İlk defadır ki AKP içindeki insanlar kendisinden şüphe duymaya başlamış bulunuyor. Parti üyeleri bile kendisini anayasanın gerçekte tanıdığından çok daha fazla siyasal güç sahibi bir fiilî başkan kılmasından rahatsızlık duyuyor
Erdoğan siyasi hayatı için savaşıyor; 7 Haziran seçimleriyle şimdiden güçsüz düşmüş durumda. İlk defadır ki AKP içindeki insanlar kendisinden şüphe duymaya başlamış bulunuyor. Parti üyeleri bile kendisini anayasanın gerçekte tanıdığından çok daha fazla siyasal güç sahibi bir fiilî başkan kılmasından rahatsızlık duyuyor
Türkiye Cumhurbaşkanı Recep Tayyip Erdoğan, geçici başbakan Ahmet Davutoğlu’nun bir koalisyon hükümeti kurma çabalarını bırakması üzerine bugün baskın seçim açıklamasında bulundu. Son meclis seçimleri sadece 2 ay önce yapılmıştı, ne var ki Davutoğlu bir koalisyon kurmayı başaramadı ve muhalefet partileri bir azınlık hükümetine destek vermeyeceklerini çoktan açıklamıştı.

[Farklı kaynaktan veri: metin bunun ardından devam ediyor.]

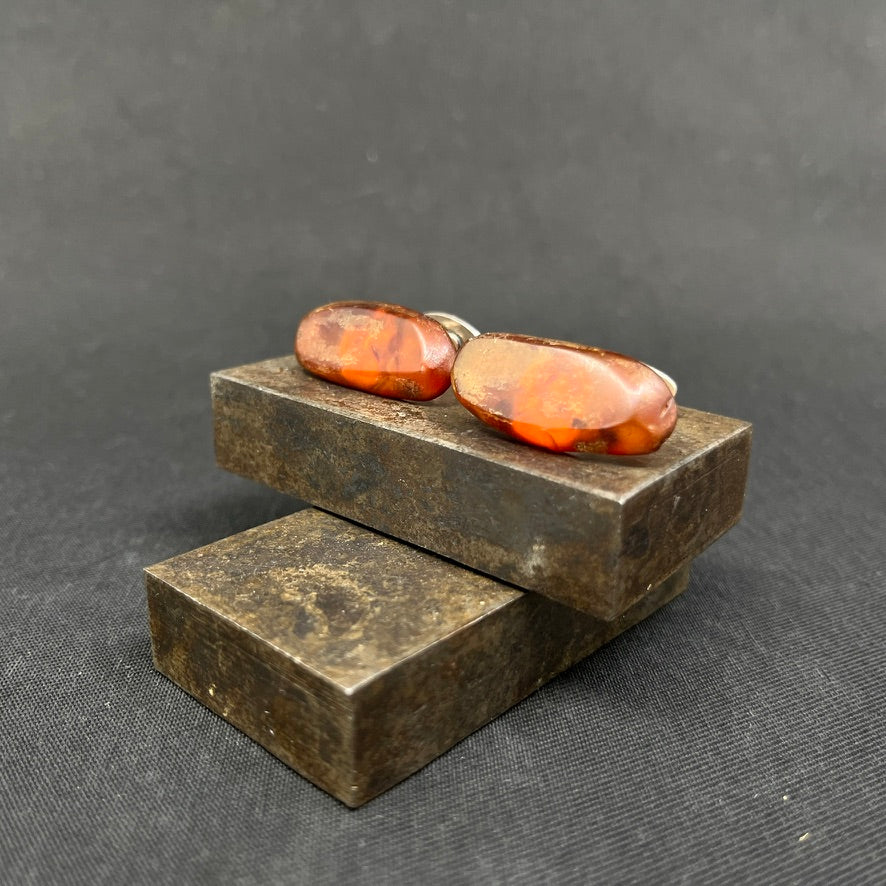 A pair of cufflinks with amber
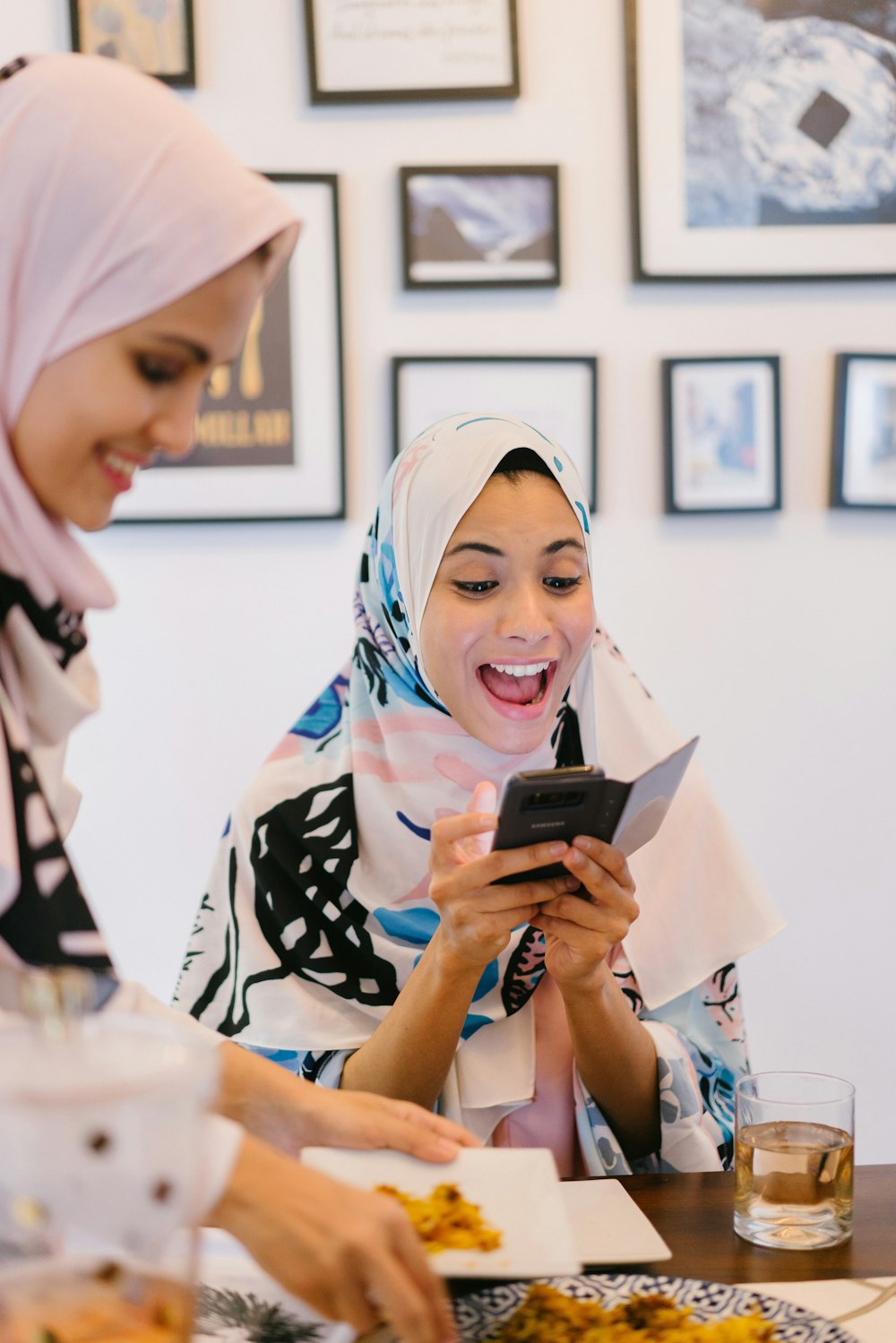 woman in white hijab holding black smartphone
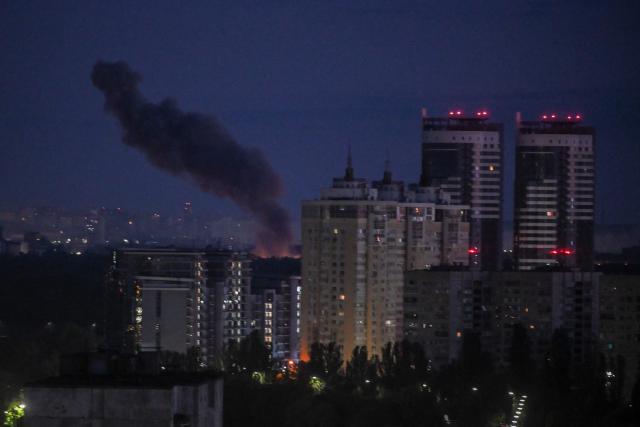 Smoke rises during a Russian strike on the Ukrainian capital Kyiv on May 24, 2026, amid the Russian invasion in Ukraine. A large ballistic missile attack pounded Kyiv early on May 24, authorities said, wounding at least five people after Moscow threatened retaliation for strikes in Russian-occupied eastern Ukraine. (Photo by Evgen KOTENKO / AFP)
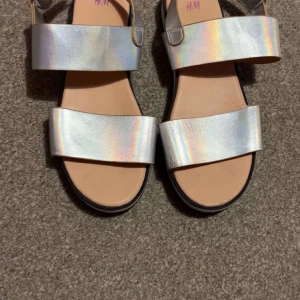 Silvriga sandaler från H&M - Säljer ett par trendiga sandaler från H&M i metallic-silver med breda remmar och kardborreknäppning. Skorna har en platt, svart räfflad sula och öppen tå. Perfekta för att ge outfiten en futuristisk touch!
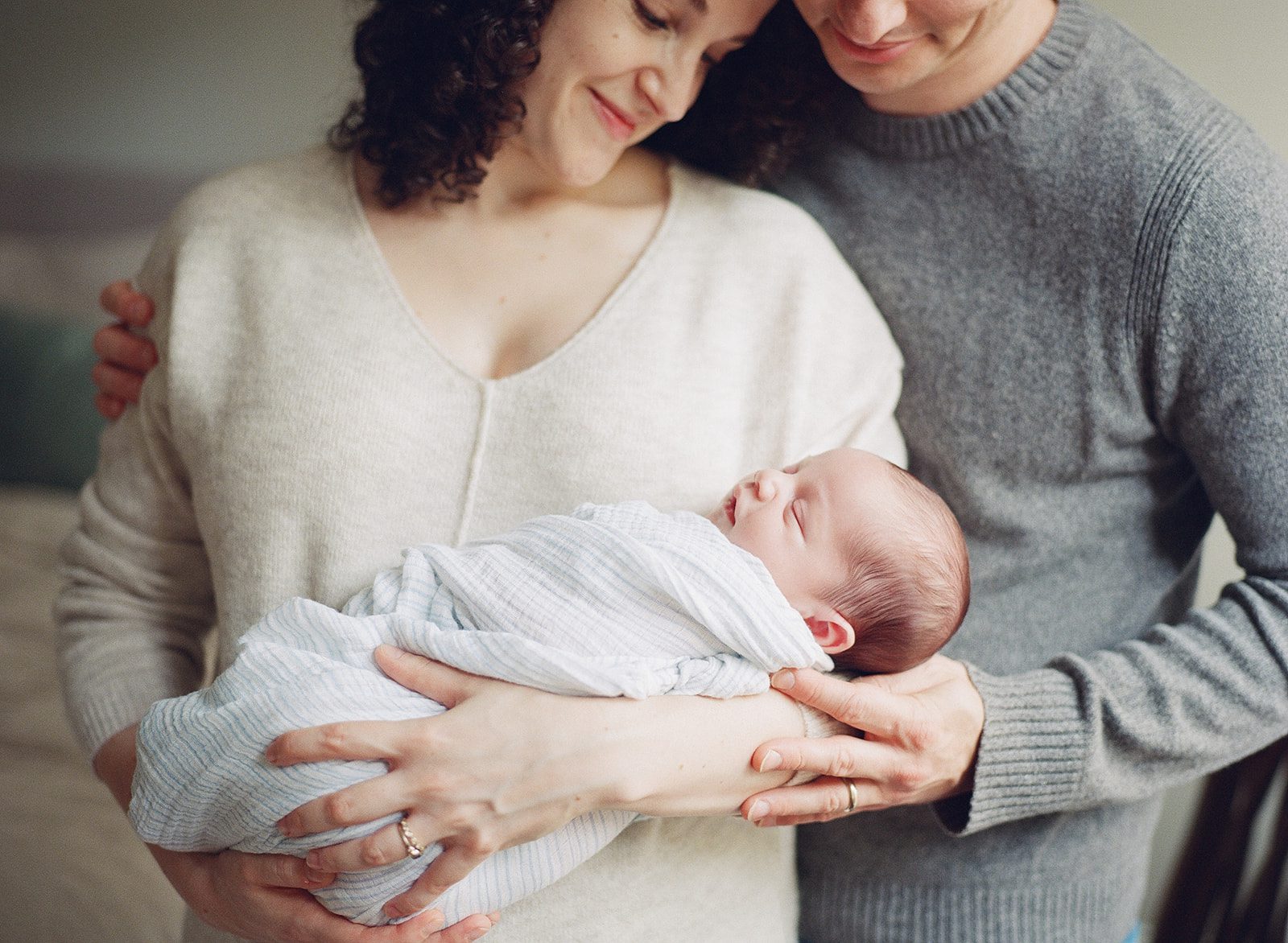man and woman hold newborn baby during chicago newborn photoshoot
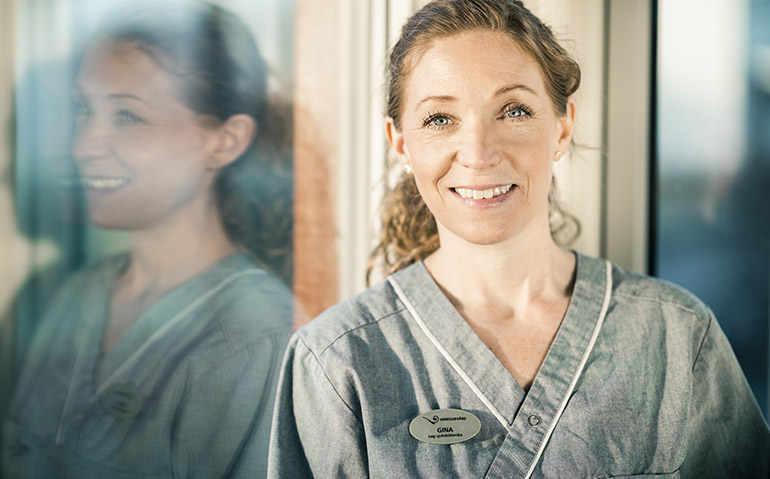 Porträttbild på en leende blond kvinna i undersköterskekläder och namnskylt med namnet Gina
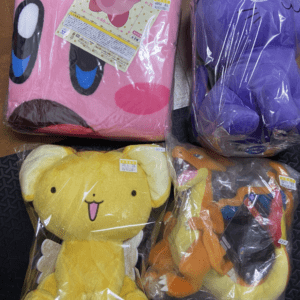 Four plush stuffed toys in sealed plastic bags on a black surface: pink round character, purple character with a cap, yellow bear-like figure, and an orange dragon-like toy with blue accents.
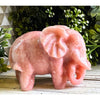 Natural pink opal crystal elephant carving with delicate pink hues and intricate details, symbolizing strength, wisdom, and tranquility.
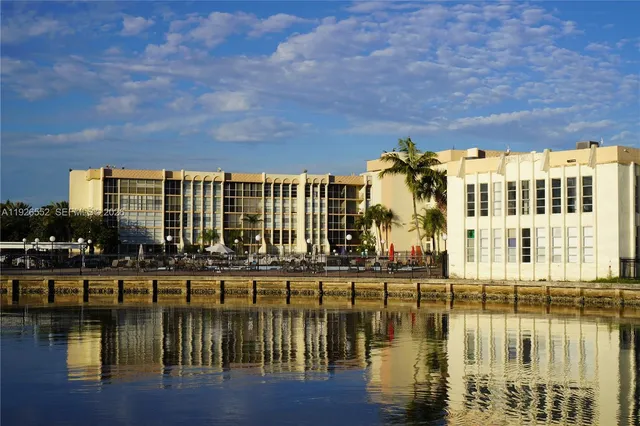 a front view of a house with a garden and plants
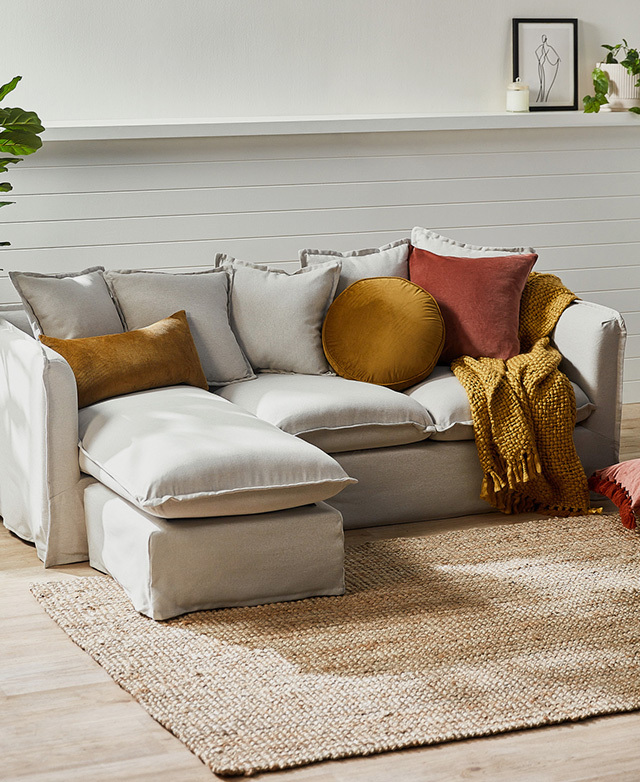 Situated in front of a white, panelled wall and next to a jute rug, the soft-toned sofa is topped with rich, cosy cushions.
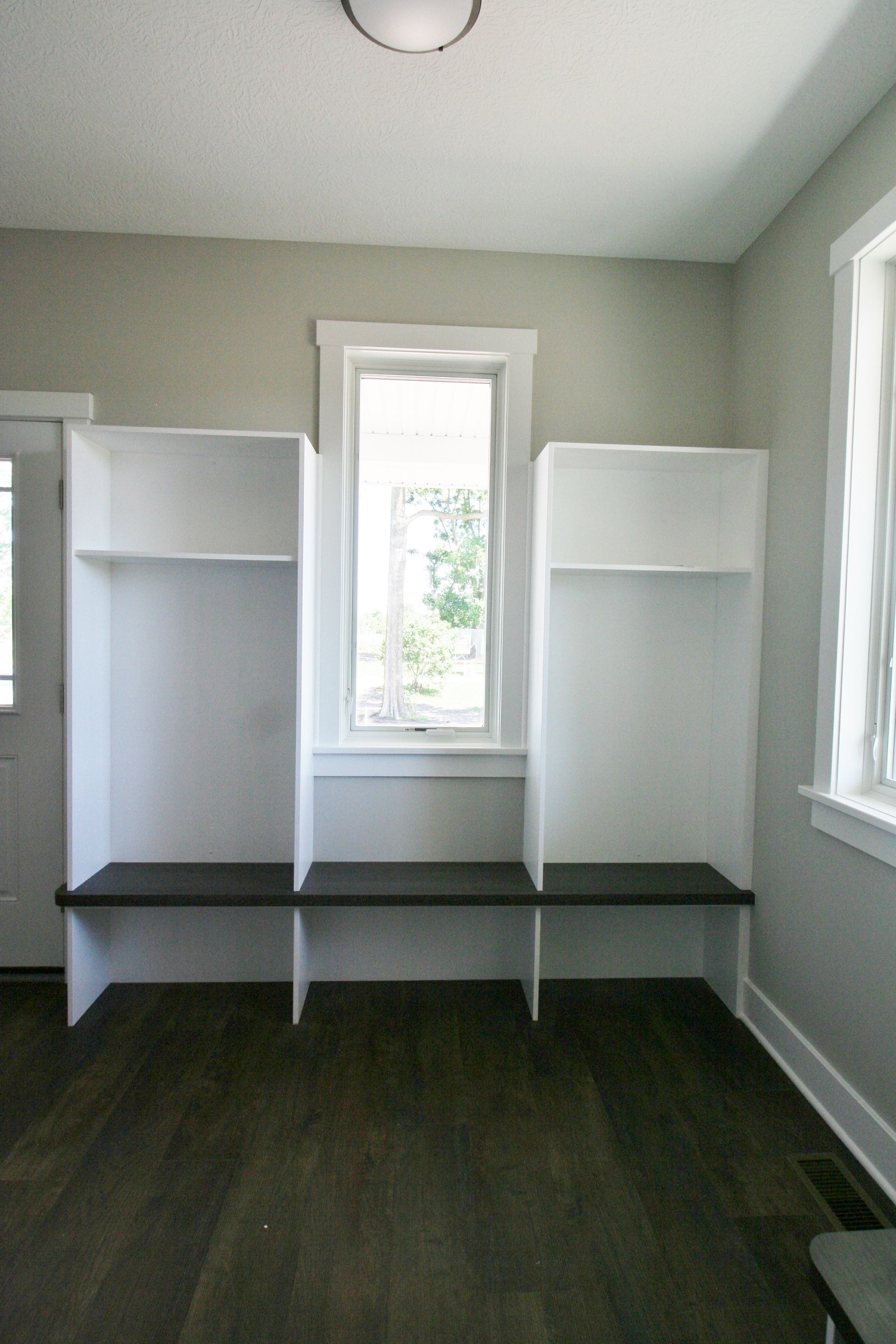 Built-in white storage unit with bench and window. Dark wood floor and gray walls.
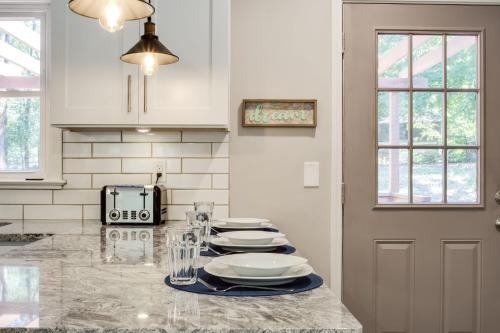 a kitchen with a table with plates on it at Lavish Living - 8 mins from Braves Stadium w/King in Smyrna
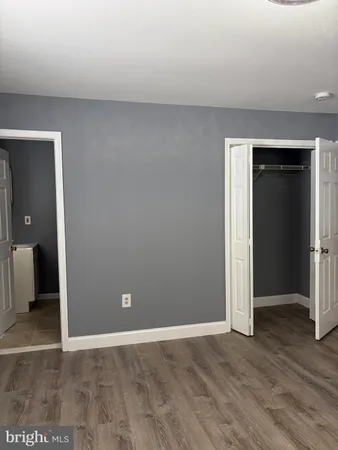an empty room with wooden floor and closet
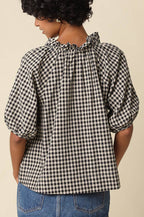 A woman shown from the back wearing a black and white gingham check blouse with puff sleeves and a ruffled neckline, paired with a denim skirt, against a plain beige background.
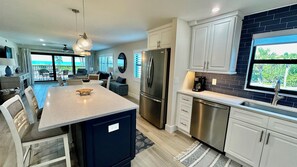 A modern kitchen with a central island, stainless steel appliances, and a view of the outdoors.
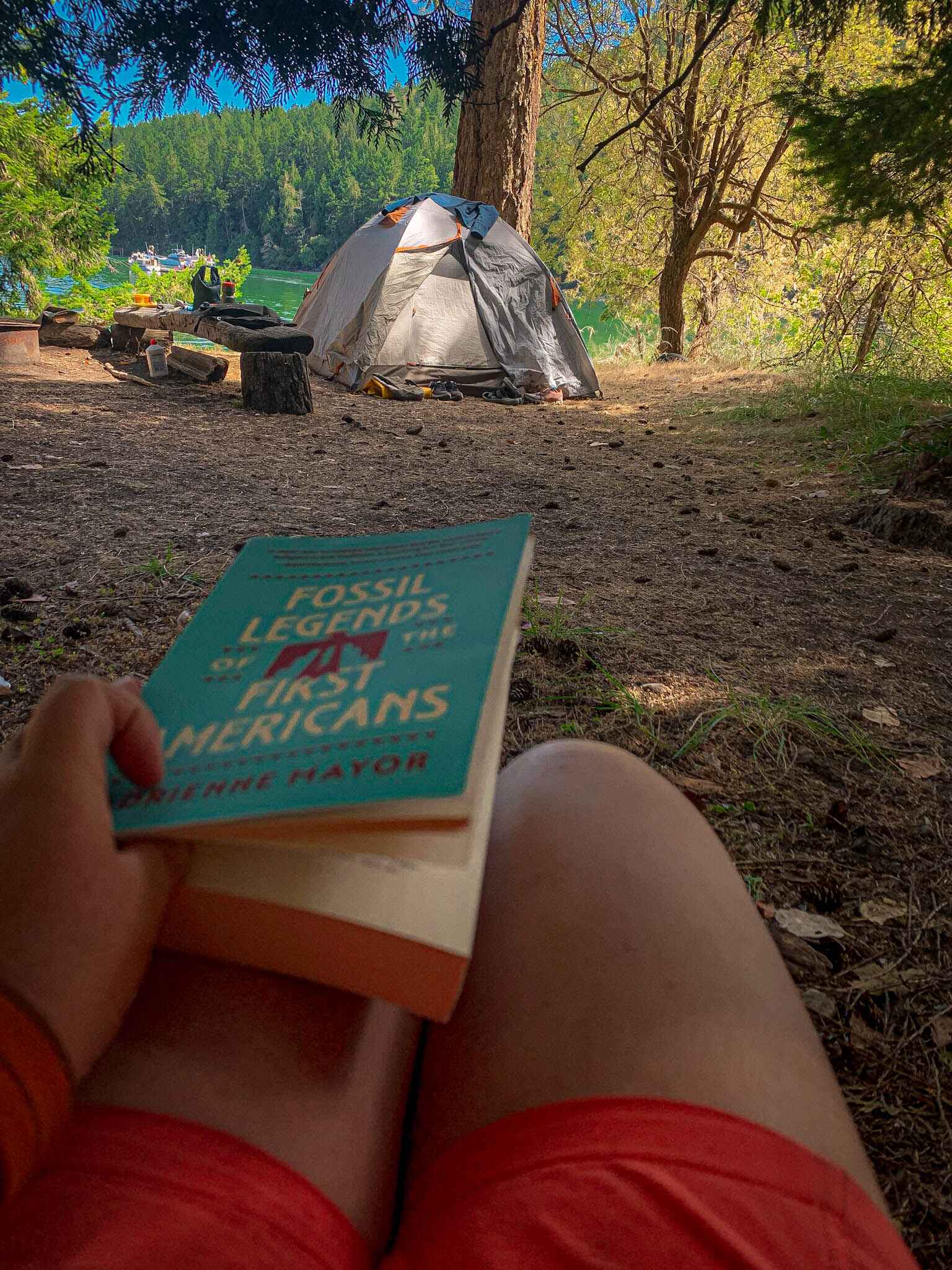 A hiker sits at camp in belted shorts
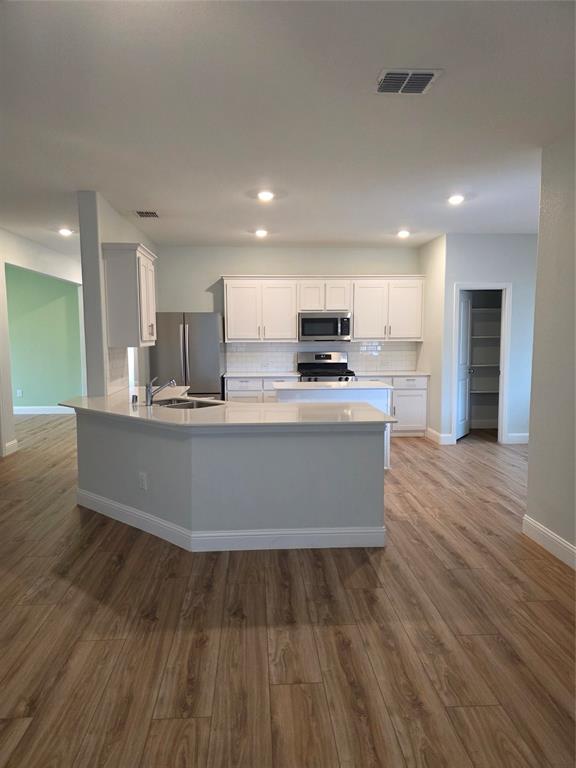 3209 Appleton Street Little Elm, TX 75068 - Photo 5 of 17 Kitchen with white cabinets, a peninsula, light wood-style flooring, stainless steel appliances, and backsplash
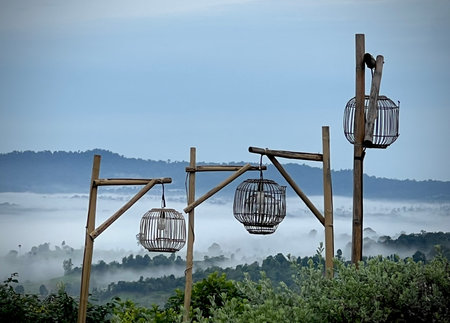 Misty mountain with wooden bamboo lamppost.の写真素材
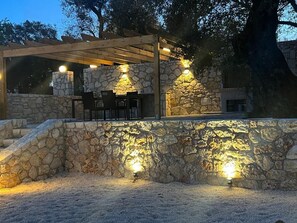Une terrasse extérieure avec des murs en pierre et une pergola en bois, agrémentée de tables et de chaises.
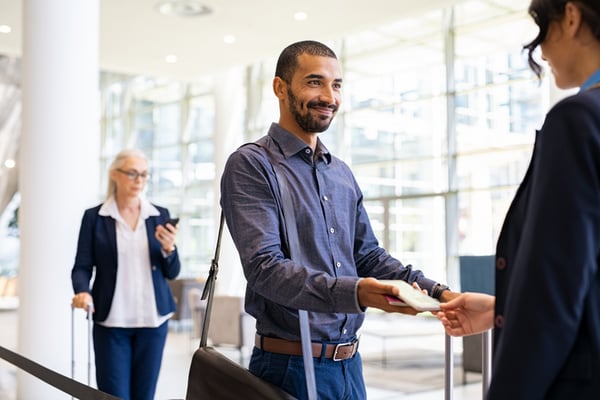 person showing airport employee his phone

Türkiye için belirsizliklerle dolu bir an ve seçimlere gitmek için potansiyel olarak zor bir zaman. Ülke IŞİD’e karşı büyük askeri saldırılara girişmiş ve Kürt militan grubu PKK ile mücadeleye tutuşmuş durumda. Türkiye IŞİD’e karşı ABD ile ittifak yaptıysa da iki ülke arasındaki ilişkiler epeydir gergin, yeni bir seçim de bu ilişkileri daha da karmaşıklaştırabilir.
Hafta başında, güvenlik ve yükselen demokrasiler üzerine bir uzman olup Türkiye üzerinde yoğunlaşan, Center for American Progress kurumunun kıdemli çalışanlarından Michael Werz ile yeni seçimlerin önemi hakkında konuştum. Okuyacağınız, bu konuşmanın yayın için hafifçe gözden geçirilip tashih edilmiş bant çözümüdür. – Annet Meiritz
Annett Meiritz: Bu hafta Türkiye bir iktidar koalisyonu ihtimallerini tüketti. Pazar gününden itibaren Erdoğan resmen bir erken seçim çağrısında bulunabilir. Buna ne kadar ihtimal veriyorsunuz?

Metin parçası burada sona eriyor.